His clothing was strange, but not unfamiliar. By the time I rejoined him, I’d placed it: it was the light and dark blue uniform of the Confederacy.
He’d piled his table high with electronic equipment. A tangle of cables joined two or three computers, a bank of monitors, a generator, and God knew what else. He stood over it, a headphone clasped to one ear, apparently absorbed in the displays: schematics, trace scans, columns of digits and symbols.
He glanced in my direction without quite seeing me, pointed to a bottle of dark wine, produced a glass, and gestured for me to help myself. Then he smiled at something he had seen, laid the headset on the table, and dropped into a chair, "I’m Matt Olander," he said. "What the hell are you doing here?"
He was middle-aged, a thin blade of a man whose gray skin almost matched the color of the walls, marking him as an offworlder. "I don’t think I understand the question," I said.
"Why didn’t you leave with everyone else?" He watched me intently, and I guess he saw that I was puzzled, and then he started to look puzzled. "They took everybody out," he said.
"Who?" I demanded. My voice went off the edge of the register. "Who took everybody where?"
He reacted as if it was a dumb question and reached for the bottle. "I guess we couldn’t really expect to get one hundred percent. Where were you? In a mine somewhere? Out in the hills with no commlink?"
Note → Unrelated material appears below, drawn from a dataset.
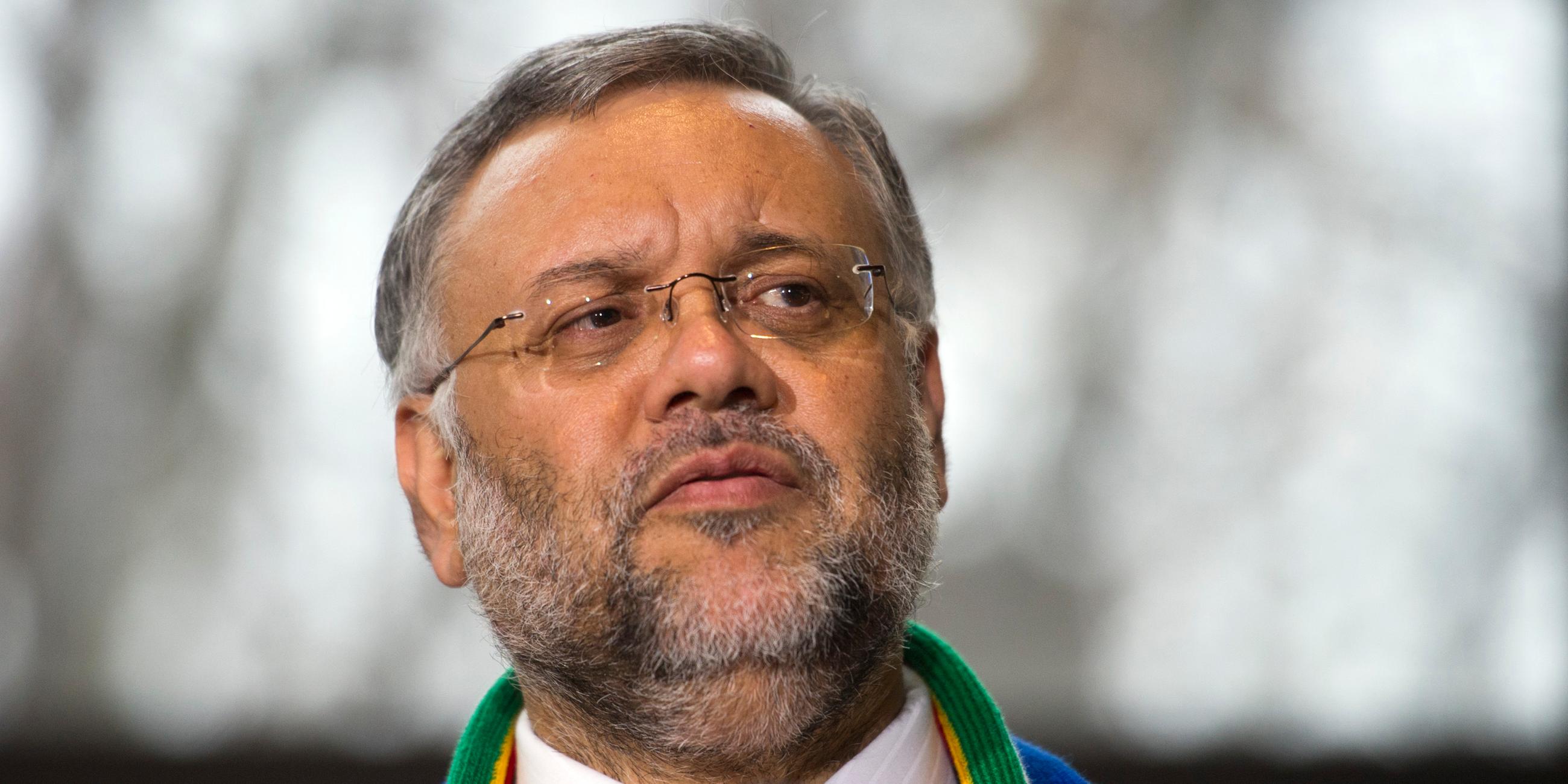 Ebrahim Rasool, Botschafter von Südafrika in den USA, spricht in der südafrikanischen Botschaft in Washington.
I told him and he signed in a way that suggested I had committed an indiscretion. His uniform was open at the throat, and a light jacket that must have been non-regulation protected him from the chill His hair was thin, and his features suggested more of the tradesman than the warrior. His voice turned soft. "What’s your name?"
"Lee," I said. "Kindrel Lee."
"Well, Kindrel, we spent most of these two weeks evacuating Ilyanda. The last of them went up to the Station during the late morning yesterday. Far as I know, you and I are all that’s left."